(EXTRACTED DATA begins)
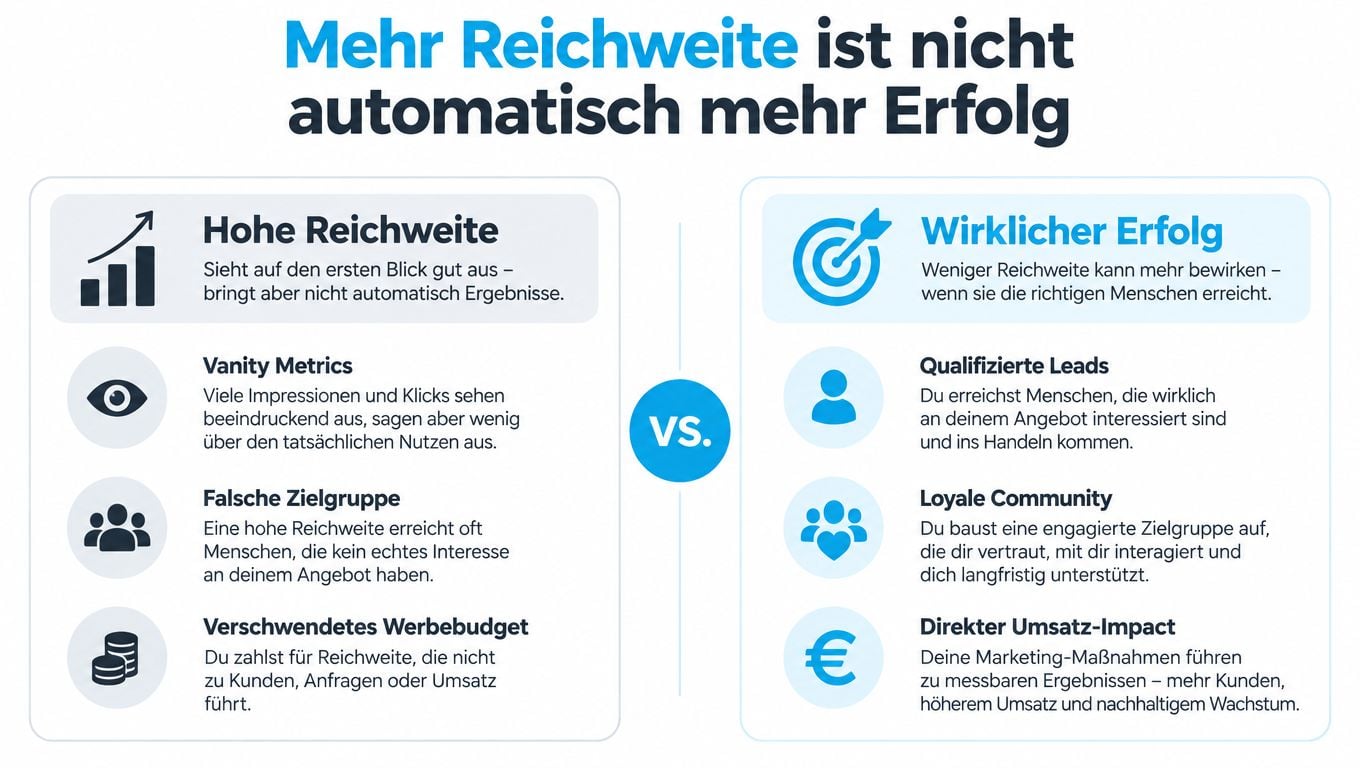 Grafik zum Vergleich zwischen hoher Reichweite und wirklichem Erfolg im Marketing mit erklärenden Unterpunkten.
(EXTRACTED DATA ends)
(EXTRACTED DATA begins)
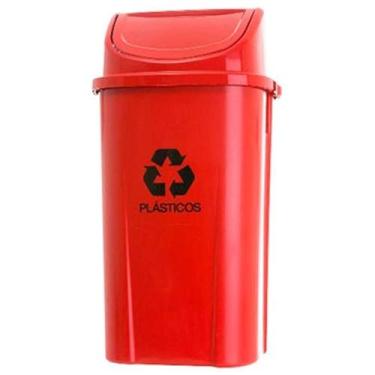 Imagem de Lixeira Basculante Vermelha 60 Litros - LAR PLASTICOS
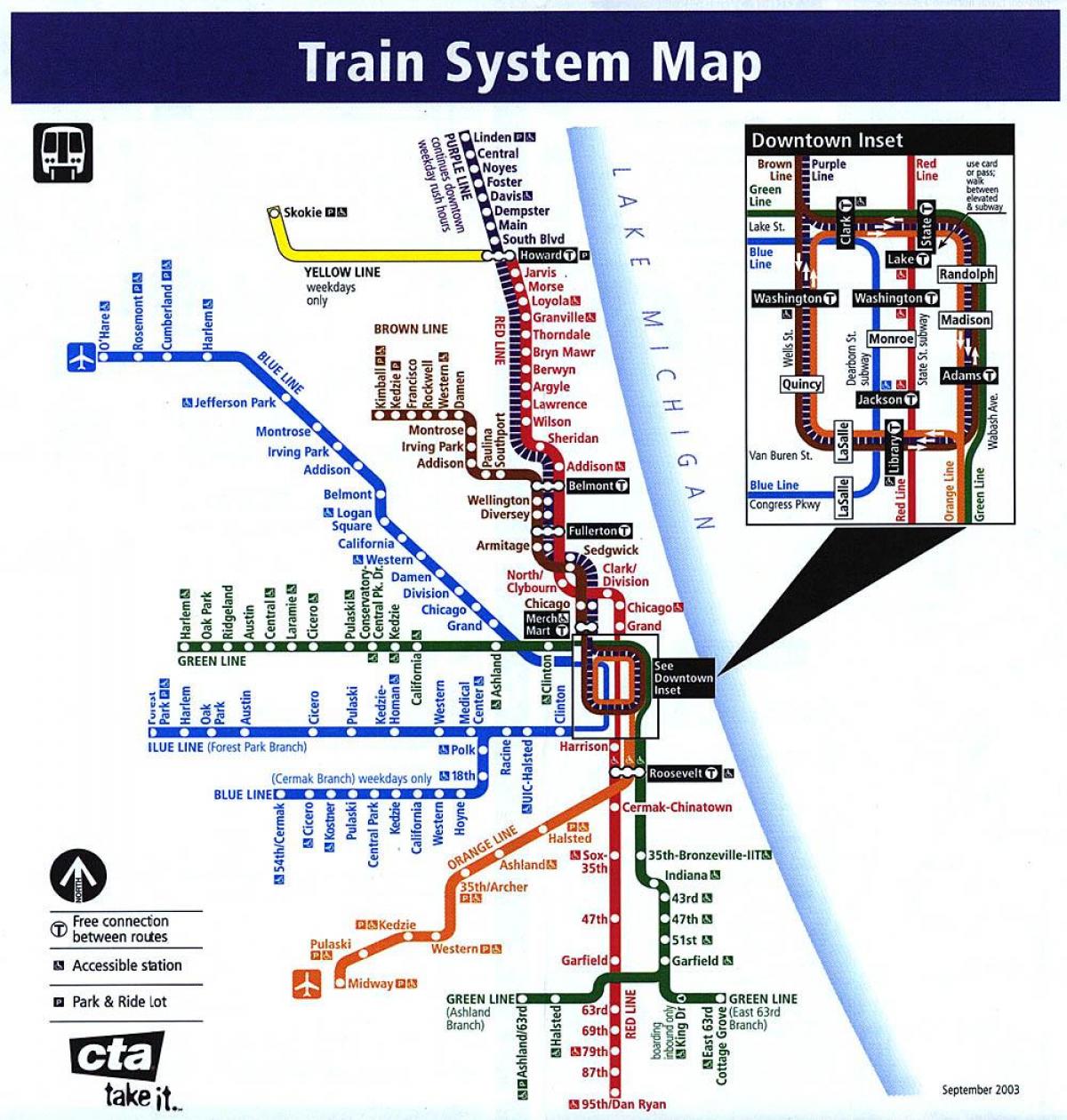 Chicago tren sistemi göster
(EXTRACTED DATA ends)
(EXTRACTED DATA begins)
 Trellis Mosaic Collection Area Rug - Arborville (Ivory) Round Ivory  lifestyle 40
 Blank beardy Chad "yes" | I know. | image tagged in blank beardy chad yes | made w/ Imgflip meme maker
(EXTRACTED DATA ends)
§ WHAT NEEDS TO BE DONE
The reply should hold only the lines of the listing above starting at the line containing "Trellis Mosaic Collection" and ending at the line containing "Imgflip meme maker", exactly as written.

§ SOLVED PROBLEM
 Trellis Mosaic Collection Area Rug - Arborville (Ivory) Round Ivory  lifestyle 40
 Blank beardy Chad "yes" | I know. | image tagged in blank beardy chad yes | made w/ Imgflip meme maker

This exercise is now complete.